Her memories always took her to the final week.
The greyness of the eerie haze inside the cottage that came from the thick snow, which covered both windows. Scraping the black cast iron pan to scratch out the last frozen spoon of the broth her mother had made before she became so ill. She had lain down on her own straw mattress ‘for just a minute, Ruby,’ and never got up again.
The conversations she had with Eamonn, her brother, but most of all, their fateful last words, came back vividly to her.
‘Shall we up onto the turf and cut some to bring back down?’ Eamonn had whispered as she huddled next to him for warmth on the mattress between their parents.
‘Can we go without Daddy?’ she asked. They were never allowed near the cliff edge alone.
‘We have to, Daddy won’t answer me. He is so cold we have to get the fire going, Ruby.’ Her brother began to cough again. The phlegm bubbled in his chest and his eyes burnt bright with a fever.
‘Don’t worry, I will look after you all right,’ Eamonn said, ‘but come with me, we can do it, so we can Ruby, we can.’
She could tell he was scared. Scared both of what was outside the cottage and in. He didn’t want to step outside alone, without her. There was another reason he wanted to venture outdoors. It was to look for the priest. Eamonn had been sure that when the priest had come to pray over his daddy, he would bring something with him, or send someone straight back.
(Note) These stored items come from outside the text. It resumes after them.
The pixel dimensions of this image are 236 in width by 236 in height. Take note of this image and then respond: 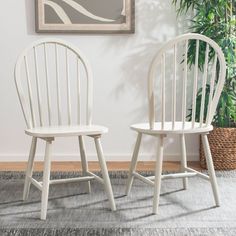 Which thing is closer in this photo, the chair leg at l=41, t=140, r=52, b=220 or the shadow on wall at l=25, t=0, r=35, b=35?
the chair leg at l=41, t=140, r=52, b=220

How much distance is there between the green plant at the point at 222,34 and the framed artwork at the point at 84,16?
40 centimetres

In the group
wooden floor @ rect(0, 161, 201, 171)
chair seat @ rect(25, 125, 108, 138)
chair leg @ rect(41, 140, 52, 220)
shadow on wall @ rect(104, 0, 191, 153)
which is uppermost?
shadow on wall @ rect(104, 0, 191, 153)

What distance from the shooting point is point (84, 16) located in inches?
135

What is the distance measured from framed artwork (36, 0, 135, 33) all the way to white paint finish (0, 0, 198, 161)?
6cm

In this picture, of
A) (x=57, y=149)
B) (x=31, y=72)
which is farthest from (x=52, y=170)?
(x=31, y=72)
He had done neither, but maybe a neighbour from the village had left something on the road, as they did when his mother bought flour and they took the cart down to collect it. But the road was white and he could see by the undisturbed snow that no one had been there, so now there was nothing for it but to cut the turf. It was the only thing he knew to do, so he wrapped Ruby in their mammy’s outdoor shawl, lifted her onto the turf cart and lay the sacking across her knee. But the cold slowed him down and slipped into his bones and the lack of food made him feel dizzy. It took an hour to climb the cliff to the turf bed and to remove two frozen lumps of turf from the neat mounds his daddy had already cut. With what remained of his strength he crawled under the cart for shelter and to rest while he recovered, as his lungs filled and faltered.
Ruby had not intended to break her silence on the morning when she spoke for the first time, but the words, which had been beating on the inside of her brain, unravelled and tumbled out, and as they did, Ruby felt life glide through her veins.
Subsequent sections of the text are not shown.